*Work item*.
Given the entries below, would you transcribe exactly the lines starting at the one with "My hand will" and ending at the one with "Guia da Ordem", both kept, pictures omitted, nothing extra?

━━━━━ Source data ━━━━━

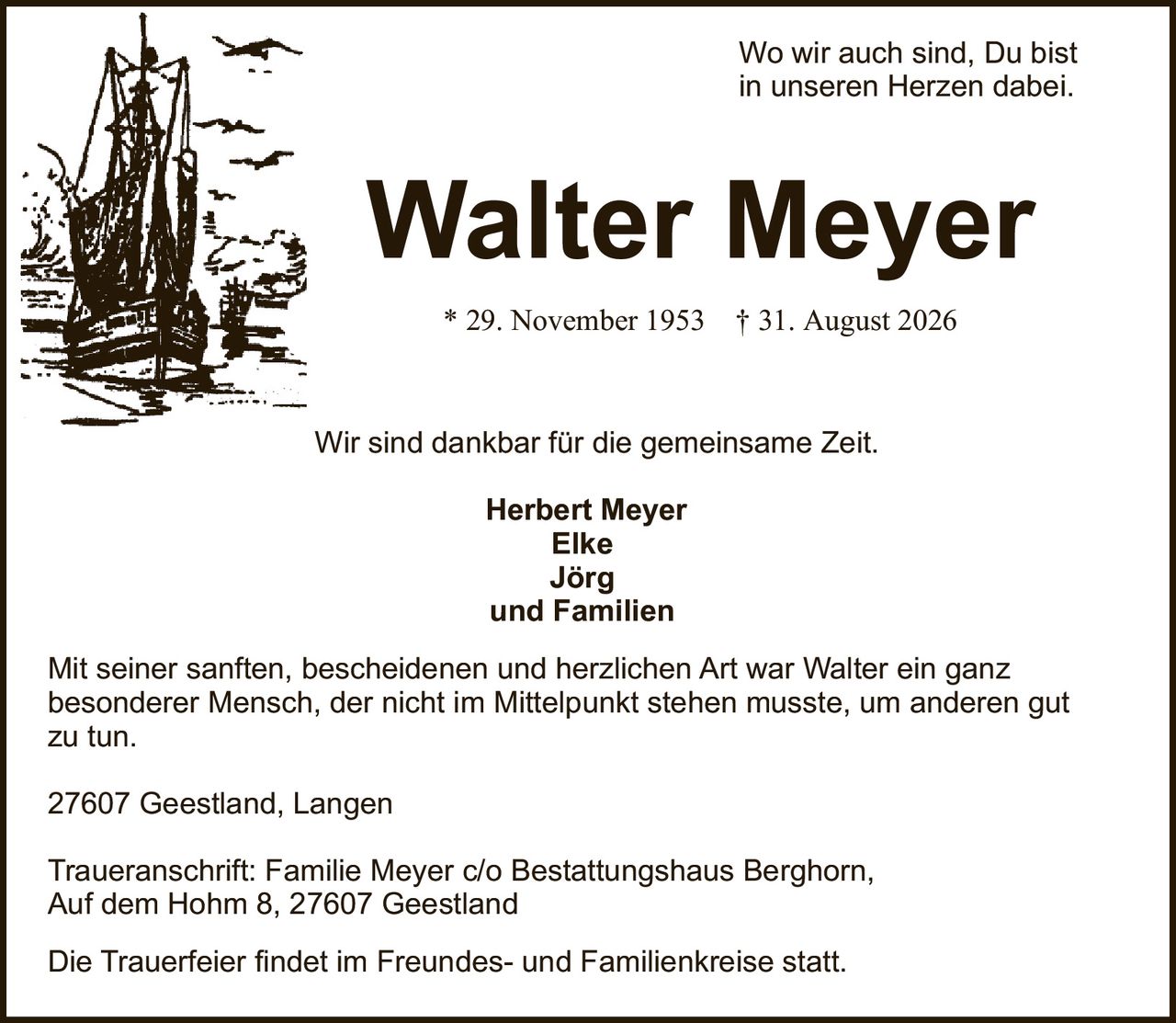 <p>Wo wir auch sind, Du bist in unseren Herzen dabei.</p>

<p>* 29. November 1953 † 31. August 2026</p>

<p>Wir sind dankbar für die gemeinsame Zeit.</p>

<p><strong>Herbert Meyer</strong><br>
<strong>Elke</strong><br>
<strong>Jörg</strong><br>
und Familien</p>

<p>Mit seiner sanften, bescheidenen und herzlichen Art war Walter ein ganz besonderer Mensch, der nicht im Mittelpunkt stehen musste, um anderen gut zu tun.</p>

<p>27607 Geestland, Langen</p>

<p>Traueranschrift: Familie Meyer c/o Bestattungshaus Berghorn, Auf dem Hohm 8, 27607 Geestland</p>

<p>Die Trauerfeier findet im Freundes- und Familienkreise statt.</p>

━━━━━
━━━━━ Source data ━━━━━

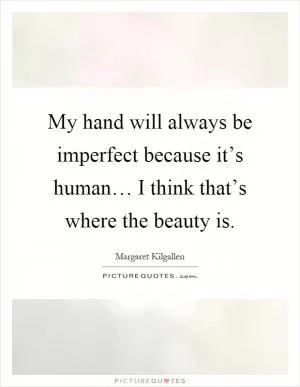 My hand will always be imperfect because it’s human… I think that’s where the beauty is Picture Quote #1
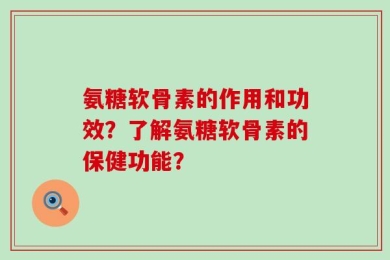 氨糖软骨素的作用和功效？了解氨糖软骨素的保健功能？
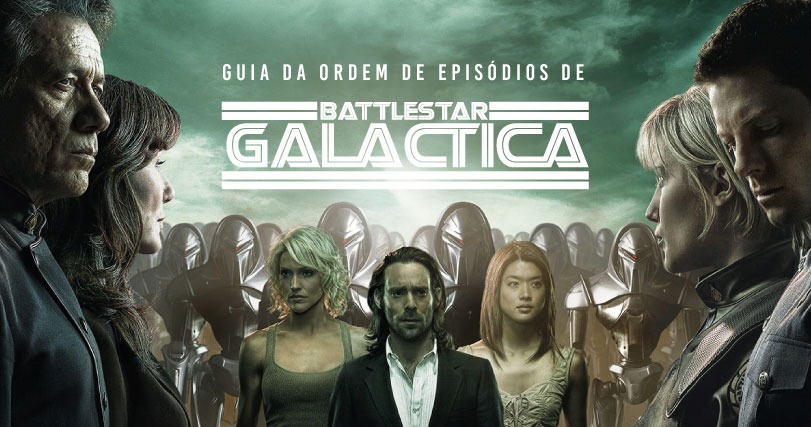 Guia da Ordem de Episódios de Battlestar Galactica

━━━━━
━━━━━ Source data ━━━━━

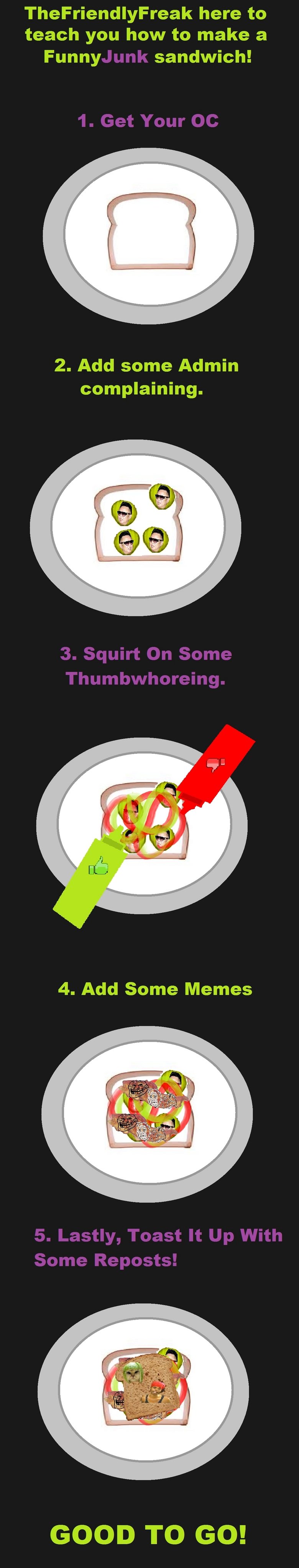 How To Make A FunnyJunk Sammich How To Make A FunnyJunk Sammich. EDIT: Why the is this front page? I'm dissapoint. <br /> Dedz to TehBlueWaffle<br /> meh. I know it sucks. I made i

━━━━━

*Reply to the task*.
 My hand will always be imperfect because it’s human… I think that’s where the beauty is Picture Quote #1
 氨糖软骨素的作用和功效？了解氨糖软骨素的保健功能？
 Guia da Ordem de Episódios de Battlestar Galactica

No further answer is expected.